Artur da Távola era o pseudônimo profissional do culto jornalista e político carioca Paulo Alberto Moretzsonh Monteiro de Barros, falecido em 2008, meu amigo pessoal.
Reginaldo Vasconcelos
COMENTÁRIO:
Tenho sempre dito
que para mim a memória é um patrimônio precioso, de modo que os tempos idos da
minha vida não se vão delir jamais do meu presente, reverenciados que são, continuamente revisitados, revigorados pela narrativa vocal ou literária,
tratados como acervo imarcerscível do suprarreal, e não como mero devaneio de
lembranças.
O que vivi um dia
não é hoje para mim “papel queimado”, mas registro perene no bronze eterno da
existência. Os personagens de antanho estão cristalizados no tempo como foram, desimportando
o que são agora e o que não são. Quando a minha memória retrógrada se for vai a
minha alma, e eu não quero sobreviver a ela um só minuto.
Esse o tema de
entrada de Vianney Mesquita, que no artigo acima comenta o livro memorial de
Alfa Medeiros. E o mestre o faz em português escorreito, evitando
propositadamente aplicar a palavra “que”, exercício delicado de quem domina bem
o bel vernáculo.
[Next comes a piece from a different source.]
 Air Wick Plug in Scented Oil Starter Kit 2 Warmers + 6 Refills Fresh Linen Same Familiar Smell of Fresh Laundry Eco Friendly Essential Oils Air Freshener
Ademais, inda utiliza formas de ortografia alternativa,
exatamente para apresentar ao leitor palavras novas, na verdade termos
veteranos do idioma, todos eles aprestados e a postos na multidão verbal dos
dicionários.
O leitor mais
cônscio do seu domínio do idioma, porém jejuno quanto a Vianney Mesquita, vai
deparar no texto com um “descontruem”, com um “registo”, com um “pontoação”, e
certamente enxergar erro onde não há. Caluda! Com Vianney não se discute a Flor
do Lácio, a última, inculta e bela.
A propósito, gosto
de lembrar que certa vez, enquanto eu estava absorto em uma tarefa burocrática
em meu birô, um colega de trabalho me veio consultar sobre uma construção
frasal ou uma expressão que lera numa publicação que tinha em mãos, e que lhe
pareceu equivocada.
Muito ocupado, sem tempo para um
melhor exame, ocorreu-me perguntar-lhe antes quem era o autor do texto em que
se continha o tal excerto. “Artur da Távola” – ele respondeu. “Então está
correto” – asseverei. Ora, quem sabe, sabe, e quem não sabe diz amém.
Artur da Távola era o pseudônimo profissional do culto jornalista e político carioca Paulo Alberto Moretzsonh Monteiro de Barros, falecido em 2008, meu amigo pessoal.